He had aides stash those records in boxes that also included personal items and ordered them shipped to his estate in Mar-a-Lago at the end of his tenure, according to the indictment.
The charging document also says that on at least two occasions, Trump showed classified records to visitors without security clearances at his golf club in Bedminster, New Jersey — including the map of a military operation to a representative of his political committee.
As the Justice Department began inquiring about the records stashed at Trump’s home, the indictment alleges, Trump ordered an aide — Walt Nauta — to begin moving boxes with classified records to obscure them from investigators. Trump did this without informing his attorney, who was preparing to search Trump’s property in compliance with court-authorized subpoenas to recover the records.

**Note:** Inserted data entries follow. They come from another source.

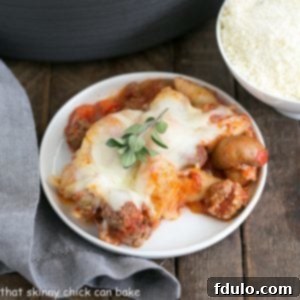 Overhead view of a small white plate with Cavatini Supreme topped with an herb sprig, perfectly portioned for a single serving.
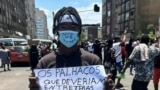 Um jovem com uma máscara a dizer “Povo no Poder” segura um cartaz a dizer “Os palhaços que deviam entreter as crianças governam o país”. Ele participa num protesto na cidade de Maputo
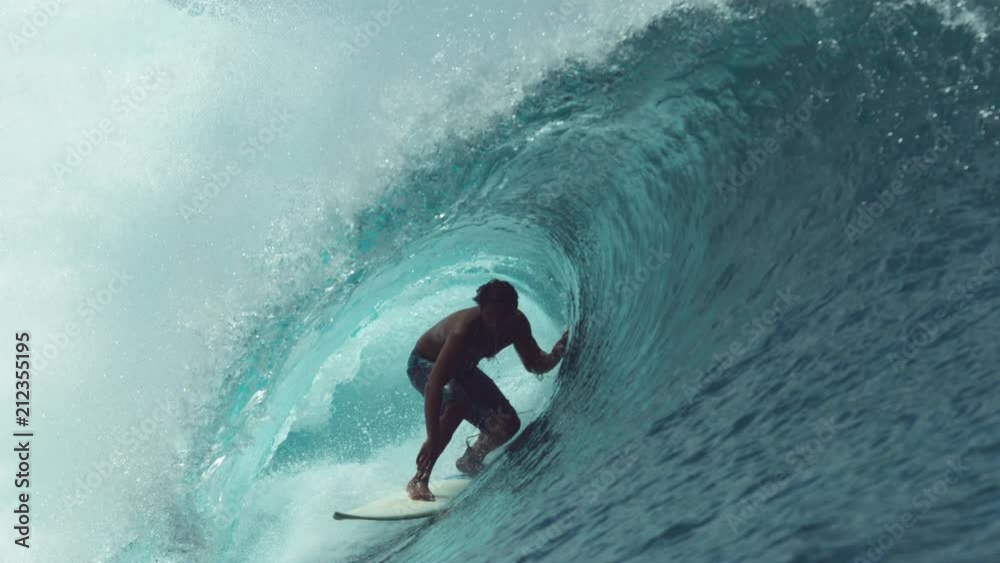 SLOW MOTION, CLOSE UP: Extreme sportsman having fun riding a beautiful barrel ocean wave. Breathtaking shot of active man on holiday surfing a perfect crystal clear hollow wave in Teahupoo, Tahiti.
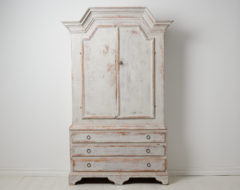 Antique folk art cabinet from northern Sweden made during the early 1800s, around 1810 to 1820. The cabinet is made by hand in two parts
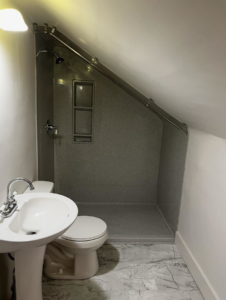 A newly installed bathroom with a modern shower, toilet, and sink by Bill's Handyman Services in Anchorage, AK.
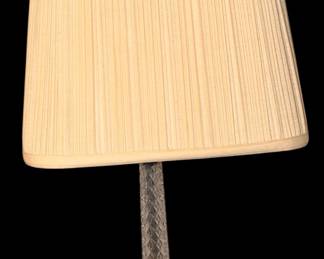 This vintage table lamp features a cut-crystal and brass columnar design with a pleated cream shade.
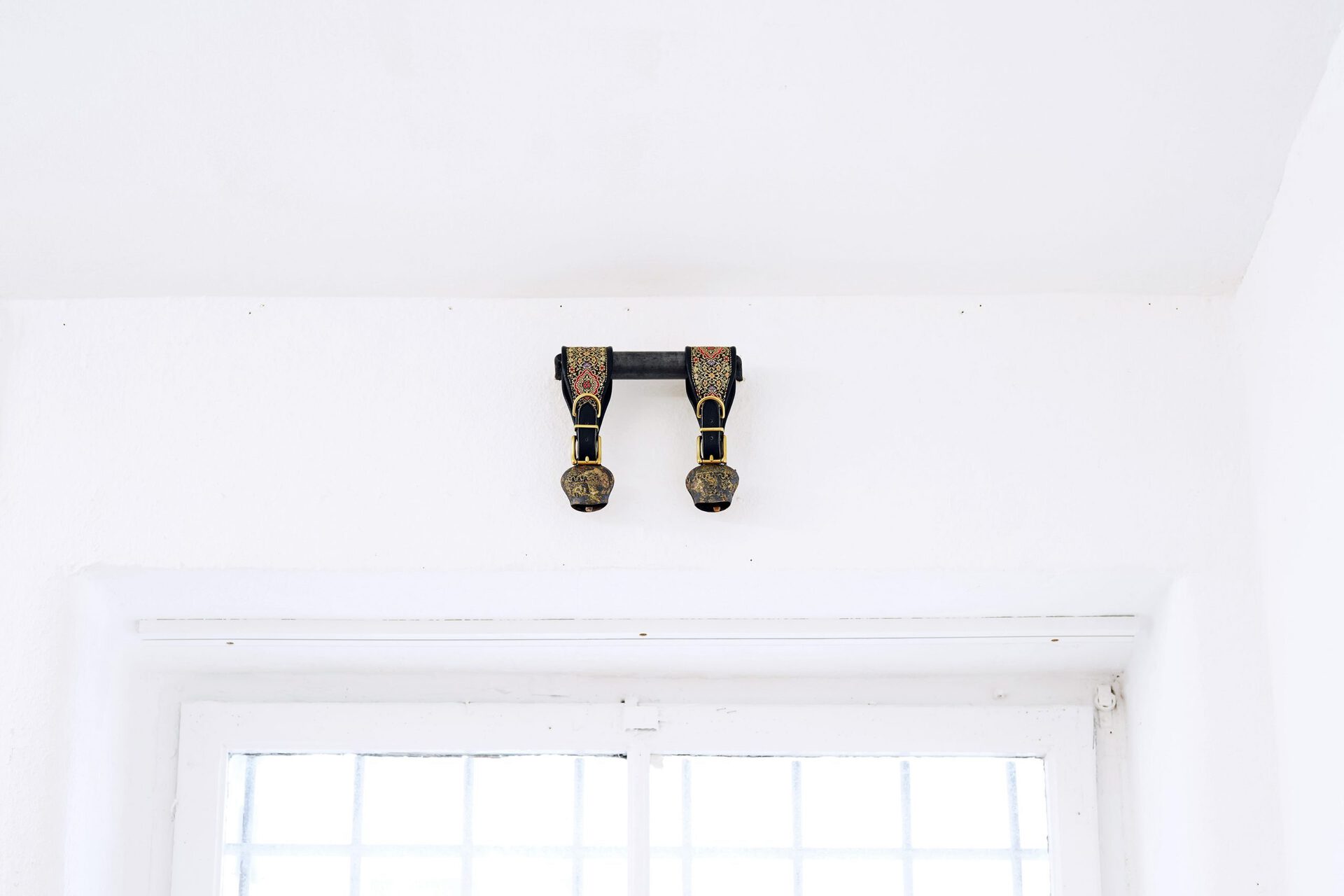 Eliza Ballesteros, DOMESTIC HECK II, 2019, antique goat bells with greyhound collars, brass, leather, brocade, iron hooks, 20 x 20 x 5 cm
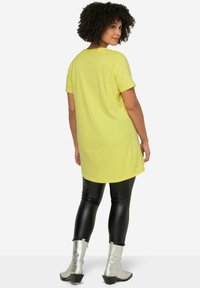 T-shirt giallo oversize con maniche corte, abbinato a leggings neri lucidi e stivali alla caviglia argentati con tacco a blocco.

Trump is facing 31 counts of violating the Espionage Act through “willful retention” of classified records and six counts related to his alleged effort to obstruct the investigation. Nauta was also charged with five felonies, including obstruction of justice and making false statements to the FBI.

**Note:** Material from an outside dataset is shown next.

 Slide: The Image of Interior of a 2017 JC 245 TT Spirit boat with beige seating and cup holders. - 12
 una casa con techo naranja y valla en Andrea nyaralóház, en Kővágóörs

The evidence arrayed by the Justice Department paints a devastating picture of an ex-president intent on squirreling away national military secrets at his homes, irrespective of potential consequences. Trump, who took office in 2017 after a campaign in which he lambasted Hillary Clinton for jeopardizing classified information on an unsecured email server, is portrayed as haphazardly stashing documents in different corners of his home — with open access to employees of his club.

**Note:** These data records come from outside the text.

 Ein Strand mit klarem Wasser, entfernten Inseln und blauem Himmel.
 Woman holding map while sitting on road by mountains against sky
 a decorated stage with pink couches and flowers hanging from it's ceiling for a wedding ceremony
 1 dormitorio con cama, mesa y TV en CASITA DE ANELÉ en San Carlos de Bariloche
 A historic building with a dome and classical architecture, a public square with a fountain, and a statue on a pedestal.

At one point in December 2021, Nauta found several boxes toppled in Trump’s Mar-a-Lago storage room, with papers strewn about the floor, including some labeled as “Five Eyes” intelligence — a reference to the group of nations that are most closely allied with the United States and engage in a higher level of intelligence sharing. Nauta took two photos of the spill and shared them with another Trump employee.
And when DOJ came calling to recover them, the indictment notes that Trump — speaking to his attorney — made at least two references to Clinton and her lawyer’s claim that he had deleted her emails before responding to a Justice Department subpoena. Trump’s lawyer, per the indictment, memorialized those exchanges, as well as another in which the lawyer said Trump appeared to instruct him to remove any documents that might be particularly incriminating.
The indictment notes that in June 2022, after Trump orchestrated the last-minute removal of boxes from rooms that DOJ was likely to inquire about, he delayed his trip from Mar-a-Lago to Bedminster in order to greet investigators at his home and pledge to be an “open book.”